Por eso me negué a ver en el cine el musical con Guepardo convertido en Jean Valjean. Y yo, ingenuo, me someto a tres horas de musical en el Sánchez Aguilar… Fastuoso. Alucinante a ratos. Solo que entre tanto humo, luces y recursos escenográficos, tipo «efectos especiales», hasta se me olvidaba que las barricadas de 1832, que presagiaron muy bien a la comuna de 1871, aún tienen que ver con problemas actuales sin solución cercana; e increíblemente yo estaba allí, rodeado por lo mejorcito de nuestra burguesía que aplaudía de pie y a rabiar… ¿qué coño aplaudían?

¿Qué hubo de la esencia del teatro cuestionador, insurgente? Bien, gracias. Esto es negocio. ¿Contribuye el espectáculo al mejoramiento del público teatral? Desde luego. Una producción de semejante tamaño es inolvidable y debe dejar lecciones en todo y en todos.

Ahora bien, me pregunto qué haría esta obra en otros públicos. Por ejemplo, presos, comerciantes minoristas o estudiantes de secundaria. Extirpada la parafernalia hollywoodesca, todo lo que queda de Los miserables es lo que siempre hubo: que la humanidad, en determinadas circunstancias, se transforma en lo peor que se haya visto. ¡Y que no hay muchas salidas para los miserables de la Tierra!

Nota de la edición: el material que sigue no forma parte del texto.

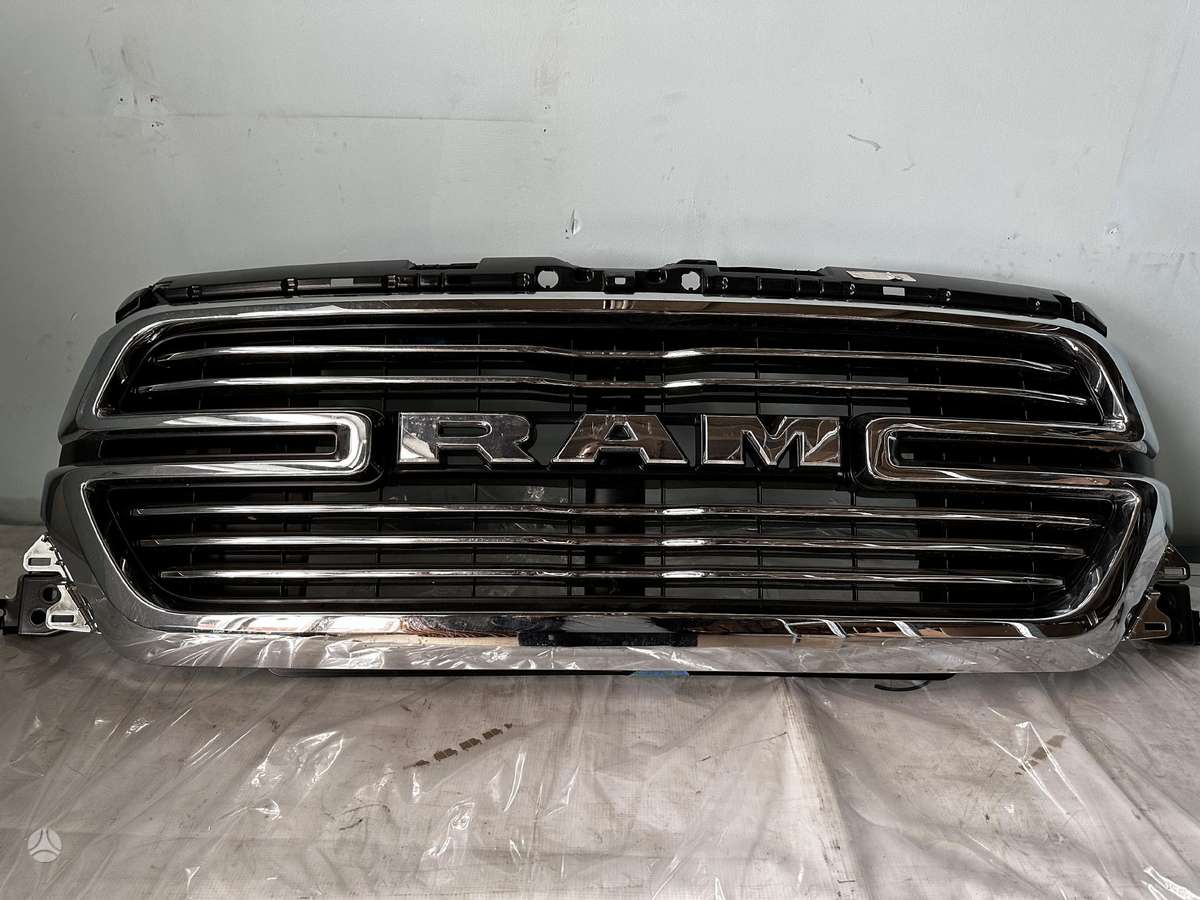 Dodge Ram, 68404974AE, радиаторная решётка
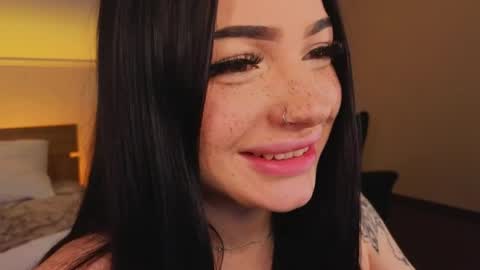 lisaaaliss online show from April 2026 10:57:02 AM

Así que mucho cuidado con los públicos.

Lo demás, café, vino, piqueos y mucha charla. Luego, dejar descansar el fervor del pensamiento. ¡Váyasela a ver! Hay que apoyar con nuestra presencia emprendimientos escénicos de tamañas proporciones, pero procure conversar al final. Oblíguese. Comprométase. Usted también tiene un compromiso como público que, de no asumirlo, puede exacerbar lo que el teatro y la sociedad tienen de miserables.